When I was in high school, I had a classmate whose family owned a local fish market. They were known for selling the freshest seafood at affordable prices and it didn’t hurt they were the only game in town.
I enjoy seafood, and I absolutely love lobster.
One day I was talking to two of my girlfriends about how much I love lobster… hot and dripping in butter… a salad and a baked potato – pure heaven.
We were all in agreement about the pure heaven part and before we knew it, I was driving my baby blue Chevy Chevette to the fish market so we could score some lobster.
It is easy to cook, right?
I mean, just boil it.
It is sort of sad, though, don’t they scream?
We talked the entire way there, feeling rather adult-like while convincing ourselves we could certainly prepare a delicious lobster dinner.
Once inside the fish market we were taken aback by the overpowering smell. Okay, so fish smell… but lobster dinner, totally worth it.
We selected three lobsters with the care one takes in purchasing a new vehicle (not that I would, I mean, I owned a Chevette!) and smiled as we handed over our hard-earned cash.
They gave us a brown paper bag containing the lobsters and not one of us extended an arm to grab it.
“Well somebody has to hold it!” I announced, “I have to drive.”
Reluctantly one of my friends finally grabbed the bag and carried it at arm’s length, as if it contained a boa constrictor.
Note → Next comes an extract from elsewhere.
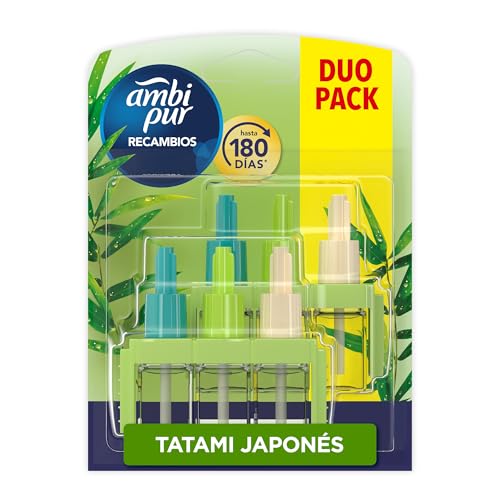 Ambipur 3Volution Tatami Japonés Recambio De Ambientador Electrico 80ml, 3 Aromas Que Se Alternan Para Eliminar Olores, El embalaje puede variar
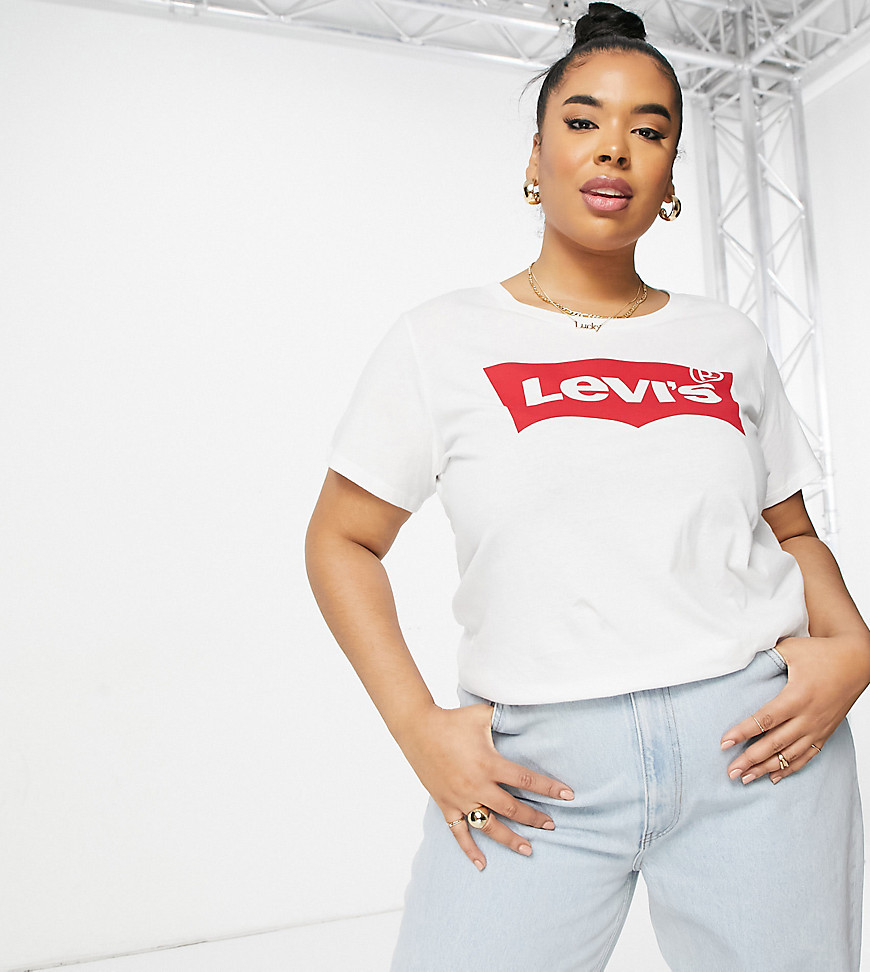 Levi's Plus - T-shirt con logo batwing-Bianco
She placed the bag on the back seat, I started the car and we were on our way.
We were laughing and talking, as teenage girls do, giddy with excitement over the feast we were soon to prepare.
“How long do you think we have to boil them for?” I asked.
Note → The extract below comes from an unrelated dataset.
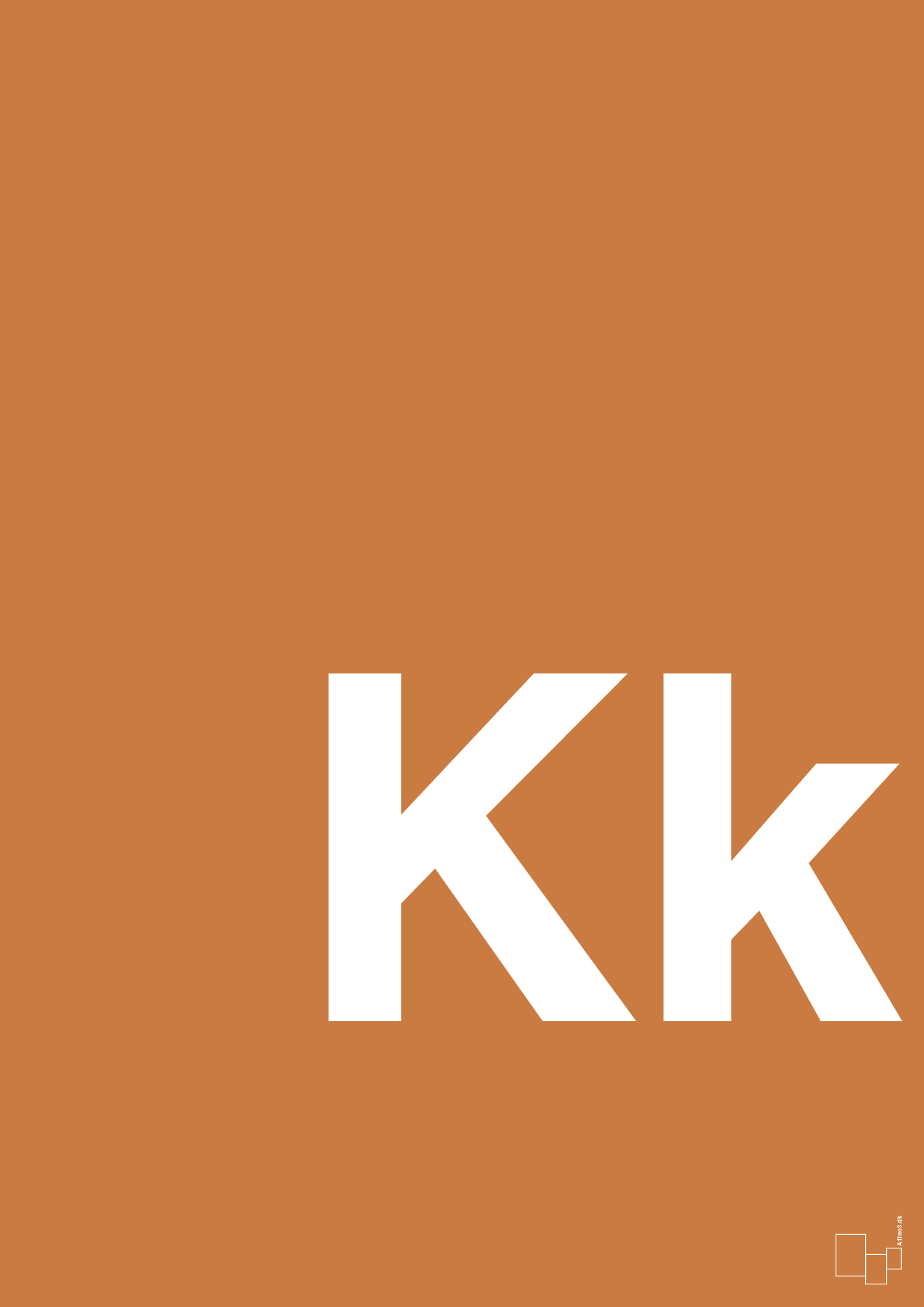 bogstav kk - Plakat med Bogstaver i Rumba Orange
“Until they’re red.” My friend in the passenger seat replied.
Suddenly, my friend in the back seat let out a blood-curdling scream.
I slammed on the brakes right in the middle of Route 1, a busy, well-traveled road.
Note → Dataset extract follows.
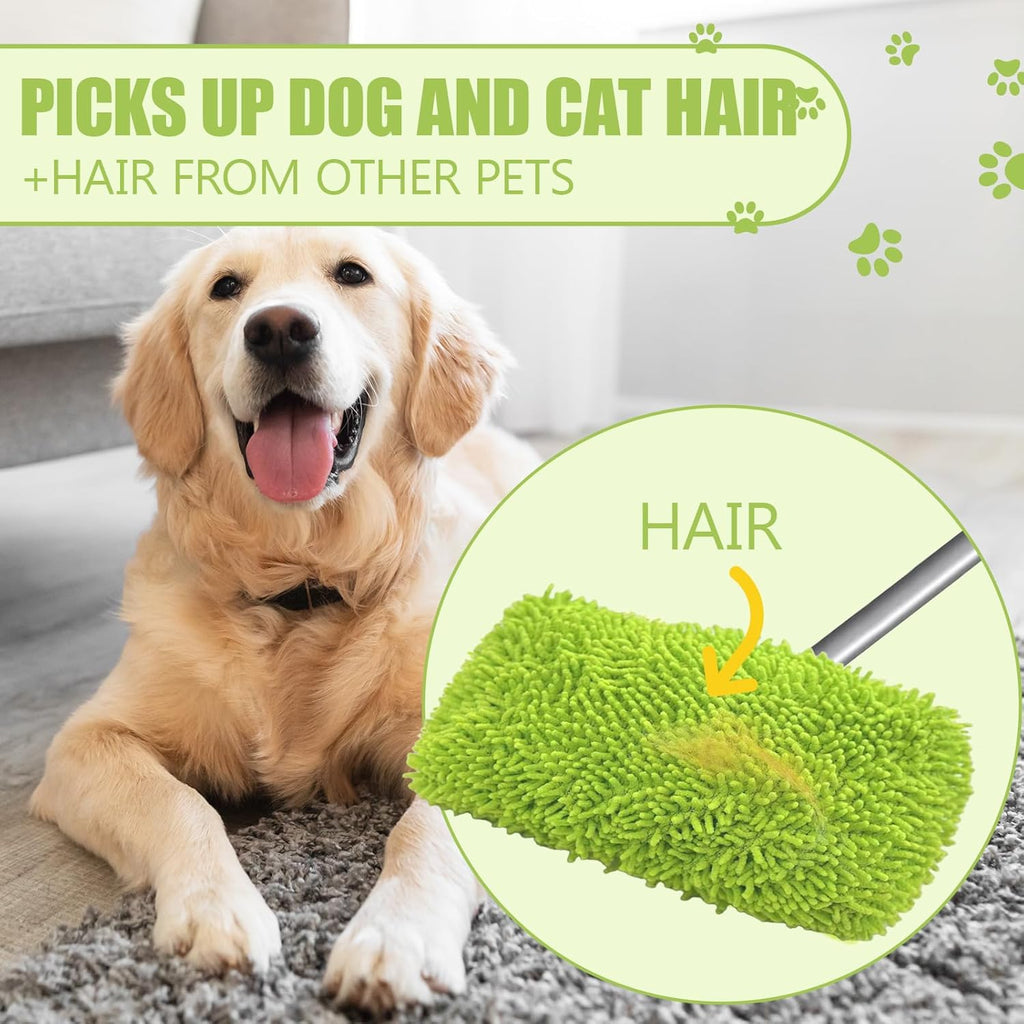 4 Pack Reusable Mop Pads Refill Compatible with Swiffer Sweeper Mop, Microfiber Wet Mopping Cloths for Floor Cleaning, Ideal for Home Cleaning Washable Floor (Green-4 Pack)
“They’re getting out of the bag!” She yelled as she swung open the car door.
We all screamed in unison and fled the vehicle leaving all of the car doors open.
“Oh my God! What are we going to do?” My friend yelled.
“I’m not picking them up!” I said, as I felt a shiver run down my spine.
Cars were stopped behind us as the people driving in the lane to the left of us slowed down to see what all of the commotion was about.
“They’re trying to crawl into the front seat!” My friend bellowed, and we all started to shriek again.
I was panicked about the loose lobsters in my car. I liked them better when they were in the bag, which I intended to dump them from into a boiling pot of water I thought as I saw the flashing lights of the cop car behind us.
The officer approached and asked, “Is everything okay? Are you broken down?”
“No, officer.” I replied.
“You can not stop and abandon your vehicle in the middle of a busy road like this,” he instructed.
“Well, the lobsters are out of the bag,” my friend stated, looking like she was going to start to cry.
The traffic was mounting around us.
The officer looked into the vehicle. He never even asked to see my license or registration.
He simply picked up the lobsters, put them back into the brown paper bag and rolled up the top.
“Go straight home,” he said, and we got back into the car.
I never drove so carefully or with as much anxiety, as I did that day.
We cooked the lobsters, dumping them straight from the bag into the pot of boiling water and they were as delicious as we had imagined they would be…
To this day, I have never purchased another live lobster from a fish market, and not because I wouldn’t like to.
I just think that it would be better if I got them an UBER.